Os mecânicos nunca formaram grêmios profissionais à maneira da Europa: eram para isso muito poucos, e se nas cidades podiam viver de um só ofício, em lugares de população menos densa precisavam de sete instrumentos para ganhar a subsistência. Mesmo nas cidades faziam-lhes concorrência os oficiais escravos.
A falta de grêmios notava-se nas outras classes. Continuavam as históricas pessoas morais, mas sua ação, já enfraquecida pela vastidão do território, acabara de definhar desde que o absolutismo nivelador desatendeu a seus privilégios. Se excetuarmos algumas irmandades e associações de beneficência como as casas de misericórdia, sempre beneméritas e sempre vivazes, as manifestações coletivas eram sempre passageiras: mutirão, pescarias, vaquejadas, feiras, novenas. Entre o estado e a família não se interpunham coordenadores de energia, formadores de tradição, e não havia progressos definitivos. Um indivíduo podia tentar uma empresa e levá-la a bom êxito; com a sua ausência ou com a sua morte perdia-se todo o trabalho, até vir outro continuá-lo passados anos, para afinal colher o mesmo resultado efêmero.

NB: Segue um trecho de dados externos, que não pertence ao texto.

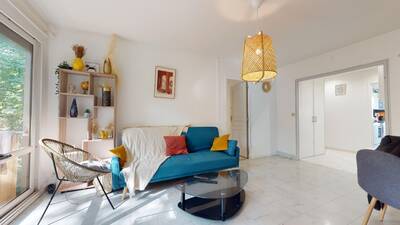 Location chambre en colocation 5 pièces Évry-Courcouronnes (91)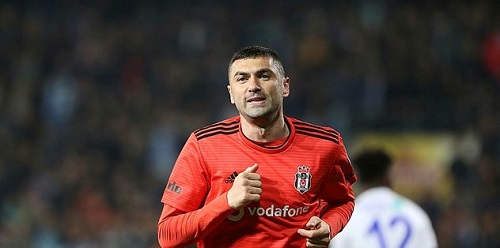Beşiktaş’a müjde! Burak Yılmaz dönüyor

Vida social não existia, porque não havia sociedade; questões públicas tão pouco interessavam e mesmo não se conheciam: quando muito sabem se há paz ou guerra, assegura Lindley. E’ mesmo duvidoso se sentiam, não uma consciência nacional, mas ao menos capitanial, embora usassem tratar-se de patrício e paisano. Um ou outro leitor de livro estrangeiro podia falar na possibilidade da independência futura, principalmente depois de fundada a república dos Estado Unidos da América do Norte e divulgada a fraqueza lastimável de Portugal.
Não se inquiria, porém, o meio de conseguir tal independência vagamente conhecida, tão avessa a índole do povo a questões práticas e concretas. Preferiam divagar sobre o que se faria depois de conquistá-la por um modo qualquer, por uma série de sucessos imprevistos, como afinal sucedeu. Sempre a mesma mandriice intelectual de Bequimão e dos Mascates!

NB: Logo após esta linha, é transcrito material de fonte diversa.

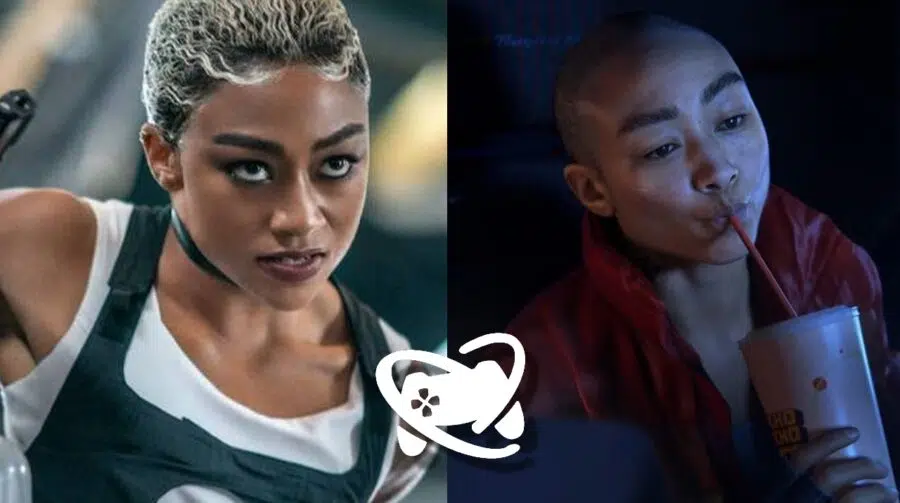 Atriz de Intergalactic, Tati Gabrielle já trabalhou com a Naughty Dog antes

Cinco grupos etnográficos, ligados pela comunidade ativa da língua e passiva da religião, moldados pelas condições ambientes de cinco regiões diversas, tendo pelas riquezas naturais da terra um entusiasmo estrepitoso, sentindo pelo português aversão ou desprezo, não se prezando, porém, uns aos outros de modo particular — eis em suma ao que se reduziu a obra de três séculos.